November 13 2018 marked Microsoft’s November Patch Tuesday. The day saw the release of patches and security updates for Windows, Internet Explorer, Edge, and other Microsoft products.
In total, 64 vulnerabilities were addressed across the range of Microsoft products. There were 12 vulnerabilities which were considered “critical” by developers. The updates are hoped to protect Microsoft devices against malware attacks, which are becoming increasingly prevalent.
The 12 critical vulnerabilities could allow hackers to execute malicious code and take full control of a vulnerable device. The majority of the critical vulnerabilities are in the Chakra Scripting Engine, which account for 8 of the 12 critical flaws.
CVE-2018-8541, CVE-2018-8542, CVE-2018-8543, CVE-2018-8551, CVE-2018-8555, CVE-2018-8556, CVE-2018-8557, and CVE-2018-8588, are all memory corruption vulnerabilities concerning how the Chakra Scripting Engine handles objects in the memory in Microsoft Edge. All eight vulnerabilities could be exploited if a user visits a specially crafted webpage using the Microsoft Edge browser. The vulnerabilities could also be exploited through malvertising.
The other critical vulnerabilities are listed below:
CVE-2018-8476 concerns how objects in the memory are handled by Windows Deployment Services TFTP Server. Exploitation of the vulnerability would allow a hacker to execute arbitrary code on a vulnerable server with elevated permissions.
CVE-2018-8544 concerns how objects in the memory are handled by Windows VBScript Engine. If exploited, an attacker could execute arbitrary code with the same level of privileges as the current user. If the user has administrative rights, an attacker could take full control of a vulnerable system. The vulnerability could be exploited via an embedded Active X control in a Microsoft Office file that hosts the IE rendering engine, via malvertising, or specially crafted webpages.
CVE-2018-8553 concerns how objects in the memory are handled by Microsoft Graphics Components. Exploitation of the vulnerability would require a user to open a specially crafted file, for instance, one sent in a phishing email.
CVE-2018-8609 is the failure of Microsoft Dynamics 365 (on-premises) version 8 to sanitize web requests to a Dynamics server. If exploited, an attacker could run arbitrary code in the context of an SQL service. The flaw could be exploited by sending a specially crafted request to an unpatched Dynamics server.
Microsoft also issued a patch for the actively exploited Windows Win32k Elevation of Privilege Vulnerability CVE-2018-8589. If exploited, an attacker could run arbitrary code in the security context of the local system.
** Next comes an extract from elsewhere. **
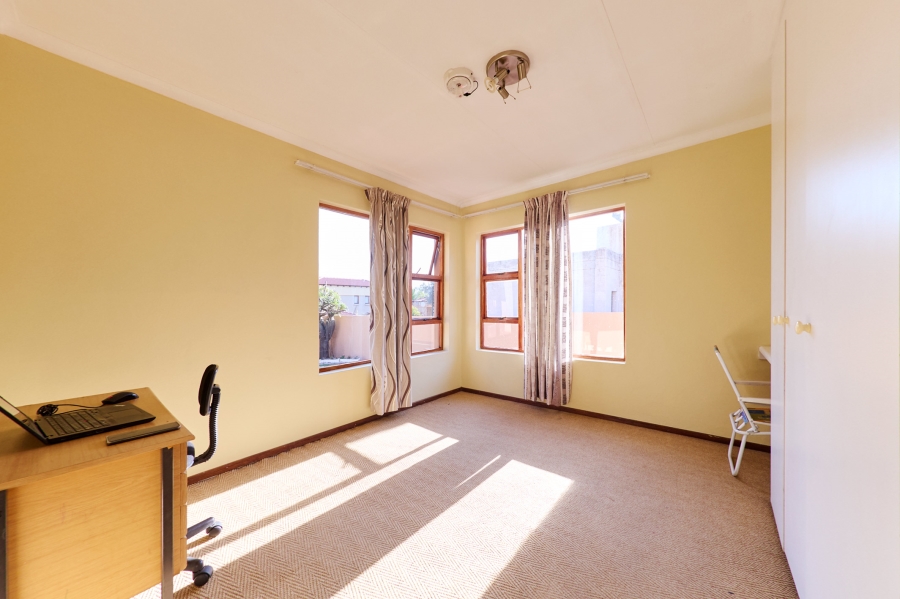 3 Bedroom Property for Sale in Halfway Gardens Gauteng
However, system access would first need to be gained before the flaw could be exploited.
Adobe has also issued patches this patch Tuesday for Flash Player, Acrobat, Reader, and Photoshop CC.
The CVE-2018-15978 flaw in Flash Player has been addressed in the update. This out-of-bounds read flaw that would potentially allow an attacker to see sensitive data. A similar out-of-bounds read flaw was identified in Photoshop CC (CVE-2018-15980), which has also been addressed.
For Acrobat and Reader, November’s patch clears up CVE-2018-15978, an information disclosure flaw that would allow attackers to lift NTLM single sign-on password hashes. No exploitations of this flaw have been reported, but proof-of-concept code has been posted online for the flaw.